# This is crazy wierd.



## cagey (Nov 5, 2014)

I do not know what I think or should say about this.

http://www.news.com.au/world/man-ea...iscovery-channel/story-fndir2ev-1227113899029


----------



## Prof_Moreliarty (Nov 5, 2014)

I can't think either or find words just.......


----------



## Native_EWD (Nov 5, 2014)

Camera? Is that the word? haha Hes reaction will be, it was very tight, dark and wet. Such a vital and important experiment!


----------



## Prof_Moreliarty (Nov 5, 2014)

Maybe he just wants to prove a snake can eat a human?...


----------



## Beans (Nov 6, 2014)

The poor snake though.


----------



## princessparrot (Nov 6, 2014)

What is he planning to do once he's inside?


----------



## Dr-Zoidberg (Nov 6, 2014)

Prof_Moreliarty said:


> Maybe he just wants to prove a snake can eat a human?...



It's already known big snakes can swallow humans, there are a few cases of African rock pythons swallowing children. There are also cases involving reticulated pythons swallowing men, women and children.


----------



## arevenant (Nov 6, 2014)

hopefully the snake decides to constrict him enough to fail the suit.


----------



## Dr-Zoidberg (Nov 6, 2014)

I wonder what end he plans to come out.


----------



## Brownbird (Nov 7, 2014)

This cannot possibly be legit.....even if there was a snake big enough to swallow an adult, whatever protective suit he has on would be too bulky.
I assume the snake would die if it did indeed swallow smething that big and undigestable?


----------



## Prof_Moreliarty (Nov 7, 2014)

Found this comment from PETA posted 6 hrs ago.
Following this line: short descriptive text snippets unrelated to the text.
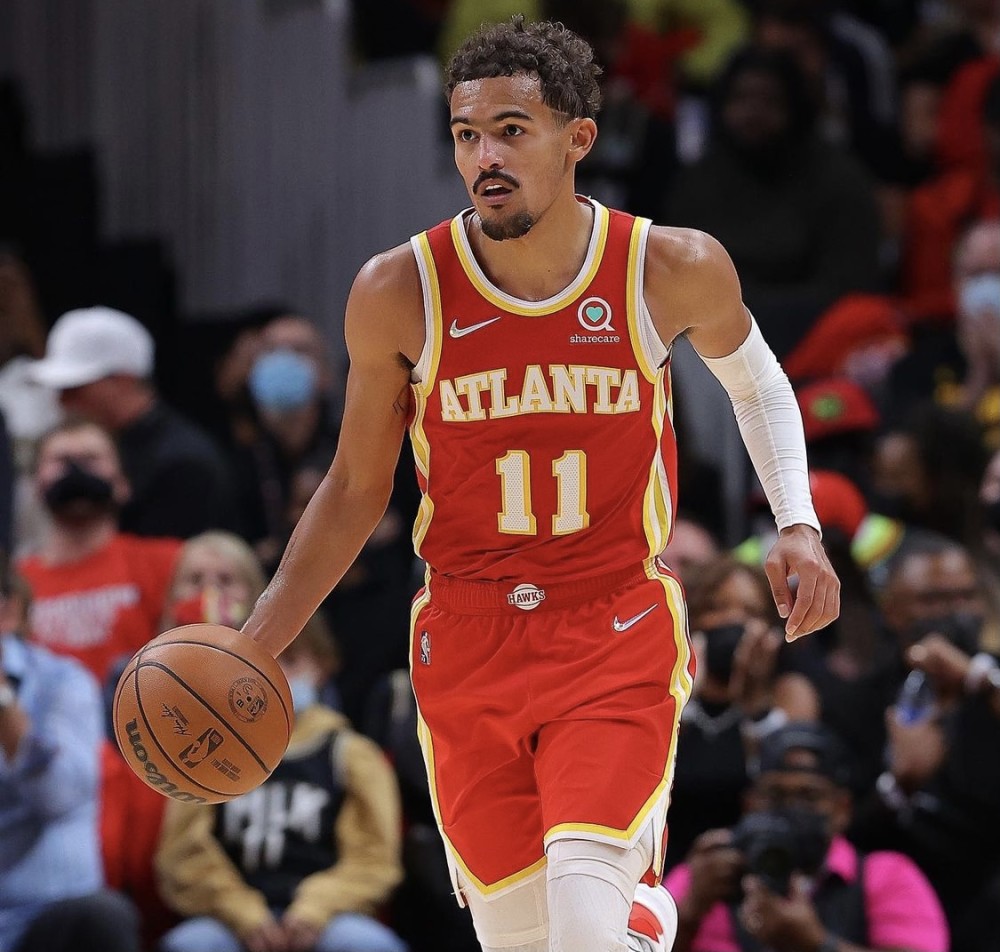 每体：巴萨有意左后卫索萨，想用桑托斯欠的290万欧锁定交易（每体：巴萨看中左后卫索萨，计划以桑托斯所欠290万欧作为筹码敲定转会）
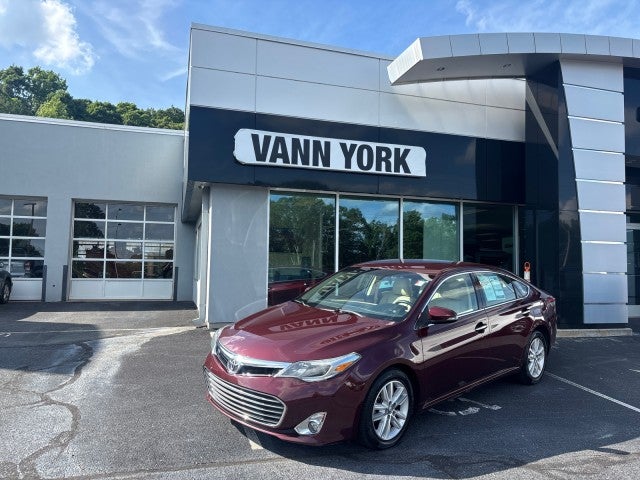 2015 Toyota Avalon Limited's photo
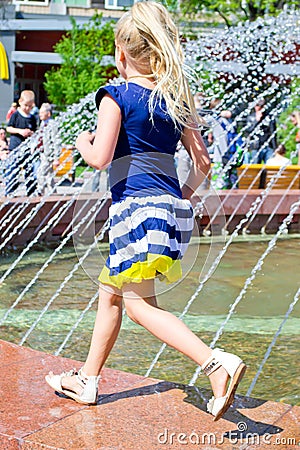 Girl at the fountain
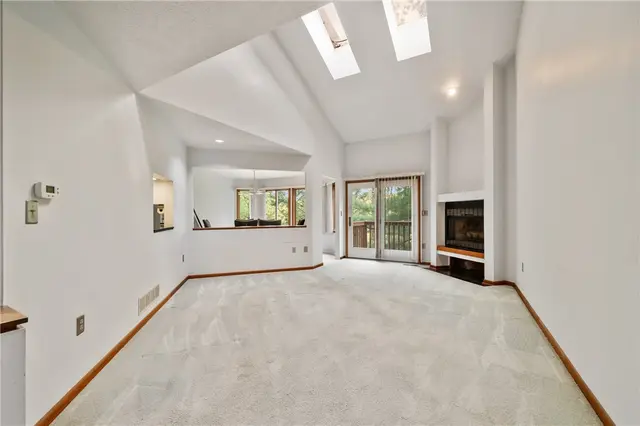 402 Forest Edge Ct gallery image 27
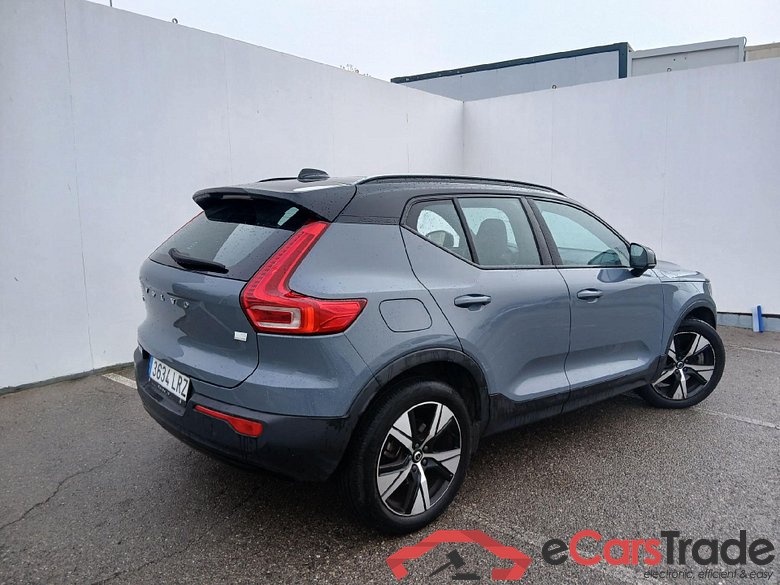 VOLVO XC40 / 2017 / 5P / todoterreno 1.5 T5 Twin Recharge R-Design Auto #2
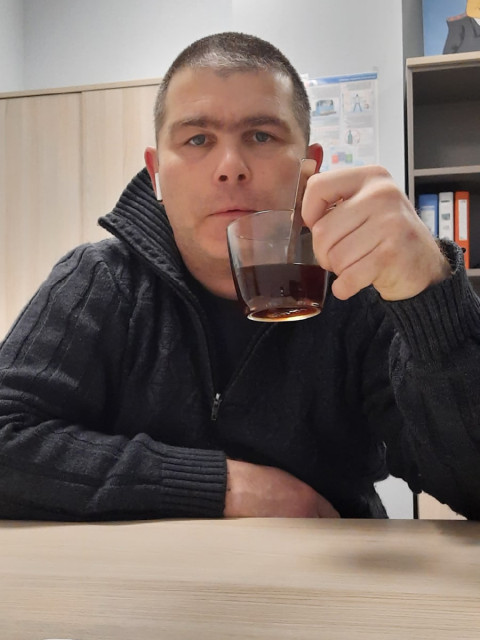 Андрей, Россия, Новосибирск, 43 года. Познакомлюсь с девушкой /женщиной для любви и серьезных отношений, брака и создания семьи, воспитаниНе пью есть авто и жилье. Познакомлюсь с девушкой от 25 лет. Для создания семьи. С ребёнком или без.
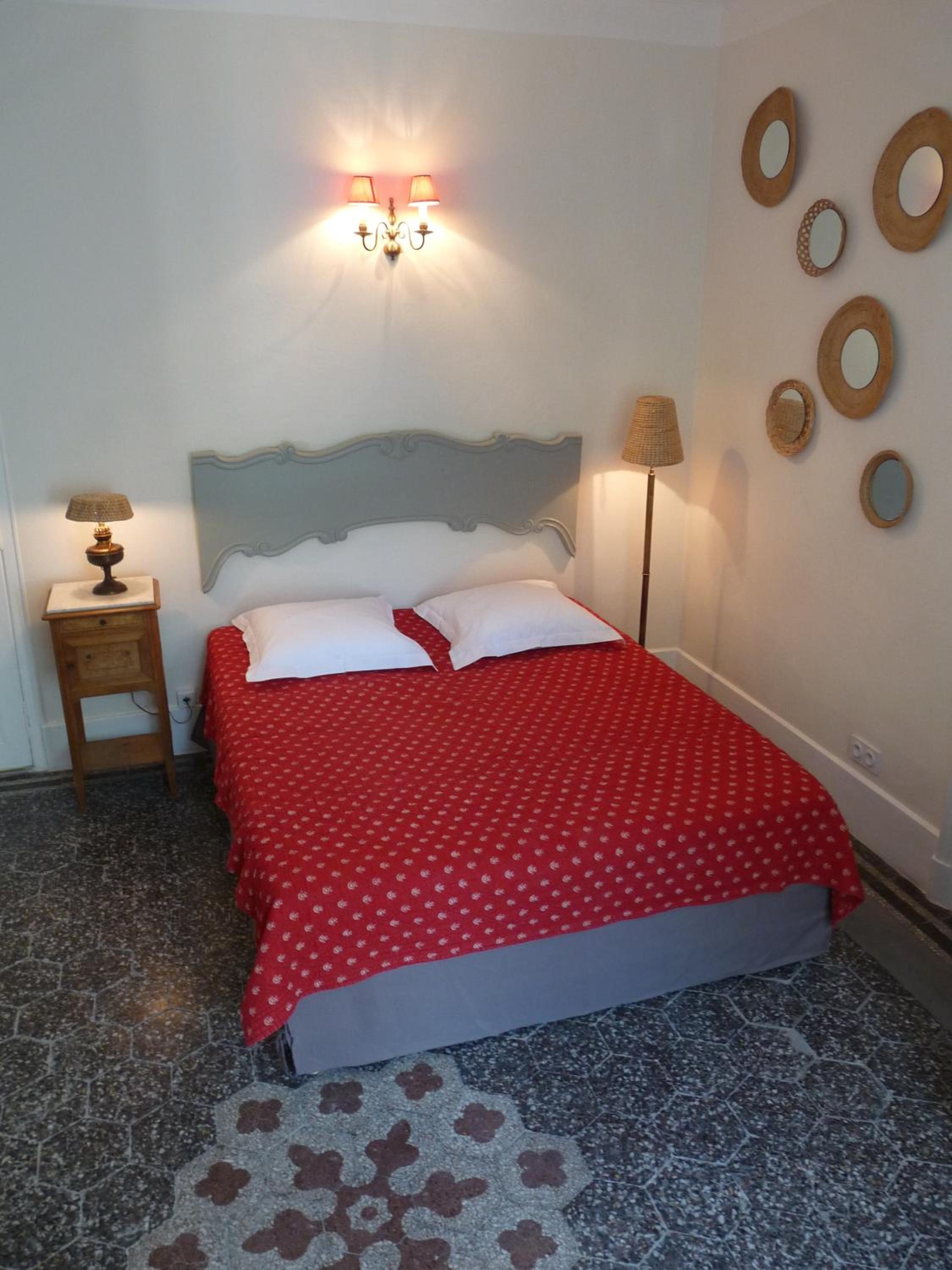 Double Room with Private Bathroom - Photo 3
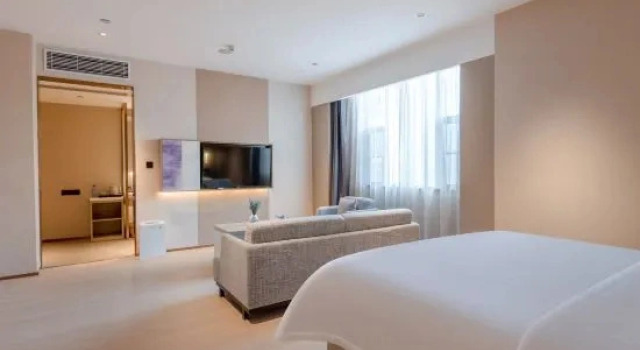 Люкс Lavande Hotel (Zhongshan Shiqi Daxin Xinduhui,North of Zhongshan Railway Station)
The statement continued: "Whatever the filmmaker has planned, the snake will likely pay the ultimate price, as animals usually do when they're used for entertainment. PETA has reached out to the Discovery Channel and asked them to pull the show, whether it is a hoax or not."

So not sure if hoax or not... I'll go with hoax/ build interest in new Show


----------



## princessparrot (Dec 3, 2014)

https://au.news.yahoo.com/thewest/a/25666404/eaten-alive-anaconda-man-explains-stunt/


----------